In relevance to my therapeutic framework, my feelings are used as my connection to humanity, and are a part of the way I connect myself with my whole human experience – and hopefully, help my clients to do the same.

I have just come from a final session with a client with whom I had been working for a long time, and feel full of those emotions that endings can bring; happy for my client, that they were feeling ready to embark on the next chapter of their life – sad that I was not going to see them again – excited about what the future might bring for them, armed with their new knowledge of themselves  – proud of the work that we have accomplished together, and many other feelings besides.

At the end of our session I felt that I wanted to give my client a goodbye hug as we parted company. Now, I know that hugging a client is highly contentious issue in therapy. Boundaries (of every kind) are a big deal for us all, in life, and therapy is a place where this is often worked out. As such, as a therapist, I am always extremely aware and  respectful of them. Equally, though, I feel that warmth, empathy, and a sense of humanity are just as important to MY way of practising psychotherapy. I know that it is isn’t that way for every approach to therapy, and every therapist out there – many would see a hug as crossing a boundary too far – so i feel  that I want to explain my reasoning for this.

Firstly, I would like to clarify that I do not hug, or even want to hug, all my clients! It is absolutely NOT a staple part of therapy with me!  I am using this (well considered and deemed appropriate) action as an example of a feeling led intervention on my part. Because  what I do really do in ALL therapy,  is acknowledge and attend to my feelings towards and with my client throughout every part of the therapeutic process. If I have a hunch that my feeling is relevant, and that it would be productive for the therapy to express it, I do so. Once I have become aware of and made sense of it. I usually have a sense that if it is felt strongly enough to want to mention it – it is most likely to be relevant.

After all, one of the fundamental beliefs of psychotherapy is that the therapy room is a microcosm of the client’s world. That is to say that if it goes on the therapy room , it goes on in the client’s life. This principle guides me with my client throughout the entire therapeutic process. I use my feelings as a tool offering me an indescribable sensory glimpse into my client’s world; they can guide me with how the client feels, as well as giving me insight as to how the people around them probably feel towards them – often in a far more accurate way than straight-up verbalising does.

The trouble is, you see, that very thing that often brings us to therapy  – the ‘incongruence’ as Carl Rogers called it – is often a master of disguise. It takes our feelings and it tangles them up, it dresses them up in other things, it makes them hard for us to recognise and understand.

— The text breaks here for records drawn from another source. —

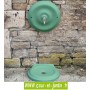 Mascaron et vasque de fontaine extérieure "Quino" avec robinet de jardin - (grand modèle) - coloris vert 2300 . Fontaine jardin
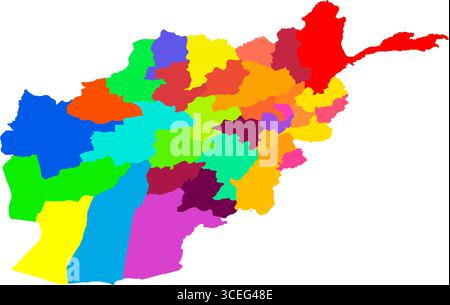 Carte colorée de l'Afghanistan - conception vectorielle moderne pour les impressions numériques, la décoration d'intérieur et le matériel d'apprentissage de la géographie Illustration de Vecteur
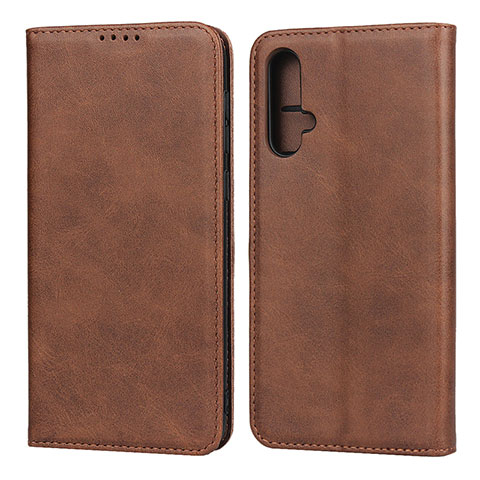 Coque Portefeuille Livre Cuir Etui Clapet T08 pour Huawei Nova 5 Marron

It is often hard to talk about feelings, so hard that we get overwhelmed and don’t where to begin when asked about them. (I have very clear memories of my ‘bad old days’ – before I learned how to understand my feelings – simply dissolving into tears whenever my doctor or therapist asked me how I was. The tears were an uncontrolled indicator of how beseiged my poor brain was!)index

A massive part of my training as a therapist was me learning about my own feelings, how they impact on me and those around me, and where they have come from.  This helps me to separate my feelings from those of my client. A huge part of my job involves me and my client untangling and identifying their feelings. We pull them apart from out-dated defence mechanisms they have become welded to, prise them off misguided beliefs, tease them away from ancient narratives and only then we can start working out where they come from and how we can best deal with them. The knowledge I have of my own process with this is invaluable when trying to help my client effectively.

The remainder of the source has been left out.